Hallelu.Our Father;Save a seat of me;Lord remember me;Old ship of Zion;Lord you been good to me;In the hands of the Lord;I once owned a 8 track with all these five blind boys of Alabama studio recorded songs,in the early 80's,and would love to have again,this masterpiece spiritual album;I believe,that this album,was a greatest hits collection,I'm not sure.There's nothing like it.If there are any retailers out there that sells it in cd, holler at the brightboyz!tommyhargrove77@yahoo.com.

9:30 PM  
Blogger Red Kelly said...

Hey Bright Boy -

That must have been some killer eight track!

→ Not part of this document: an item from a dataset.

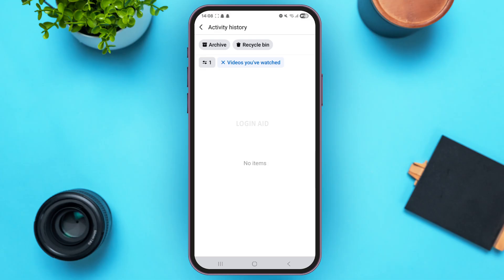Now under this section, you will find all the videos that you have watched on Facebook. In my case, there are no such videos that I have watched. However, if there are certain videos that you have watched from your Facebook account, you will be able to find them over here.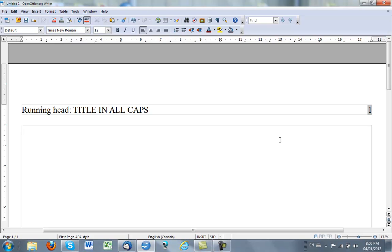If I don't create a new style on the next page, if I don't choose the Subsequent APA Style Page for the next page, I will keep getting this running head. I'll show you.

There is an excellent LP discography page on the Alabama 'Boys' by my good pal Cies over on Just Moving On. Maybe that will help you track down that long lost recording!

Thanks, and Good Luck!

12:58 PM  
Blogger brightboyz said...

RED KELLY:THANKS FOR THE SUPER REPLY.I CHECKED OUT THE WEB THAT YOU SUGGESTED,BUT THEY DIDN'T HAVE,THIS WELL ORCHESTRATED KILLER ALBUM THAT I'M LOOKING FOR-WHICH I NOW BELIEVE, WAS PUT TOGETHER, BY EITHER A PIRATE,OR A BOOTLEGGER.THE AUTHETIC,BLIND BOY SONGS ON IT,WERE:OUR FATHER;SAVE A SEAT FOR ME;SENDING UP MY TIMBER;LORD YOU BEEN GOOD TO ME;OLD SHIP OF ZION;LORD REMEMBER ME;HALLELU,HALLELU,HALLELU;IN THE HANDS OF THE LORD.ALL THE SONGS,WERE STUDIO RECORDED,AND THE IN THE HANDS OF THE LORD SONG,WAS LED,BY A NEW MEMBER OF THE GROUP,AFTER ARCHIE BROWNLEE PASSED.HE DID A VERY FINE JOB WITH THE SONG.THIS IS THE ALBUM,THAT I'M SEEKING,THAT I ONCE HAD ON 8 TRACK,IN THE EARLY 80'S - AND THE BRIGHTBOYZ,WANT IT BAD,IT'S superspiritual,HIGHQUALITY stuff,BECAUSE IT'S A DEVILKILLER.

6:32 AM  
Blogger Red Kelly said...

Boy:

OK... it appears to me, now, with the inclusion of 'Sending Up My Timber', that the 8 Track in question was by the Five Blind Boys Of Mississippi - and the vocalist is, of course, none other than Roscoe Robinson! I know it gets confusing, as the Mississippi group (which was originally called the Jackson Harmoneers) are sometimes called 'The Original Five Blind Boys' (Peacock) or just 'The Five Blind Boys' (Chess) with no reference to their state of origin. As far as I know, ever since the Alabama group changed their name from the Happy Land Singers, to 'The Five Blind Boys Of Alabama' they've always included the State...

Anyway, if Archie Brownlee was on the tape, it had to be from the Peacock era, as he died before the move to Chess...

I just found this listing on the Both Sides Now Album Discographies Page:

PEACOCK PLP-139 - Best Of Five Blind Boys - Our Father/Old Ship of Zion/Mother Don't Worry/Somewhere Listening for My Name/Song of Praise/Save a Seat for Me/There's No Need to Cry/Lord, Lord, You've Been So Good to Me/Father I Stretch My Hands to Thee/Lord Remember Me/In the Hands of the Lord

...it's close, except for 'Sending Up My Timber' which Roscoe maintains that he actually wrote.

There was also a 1973 Best Of The Blind Boys, Vol. 2 - MCA 28044

...but I'm unsure of the track listing

Hope that helps.

7:30 AM  
Blogger brightboyz said...

Red:That's it!! The peacock plp - 139 page! All I need now, is to find this brightboy on cd; the other website that you sent, only sells whatever blindboy album that album is,on LP.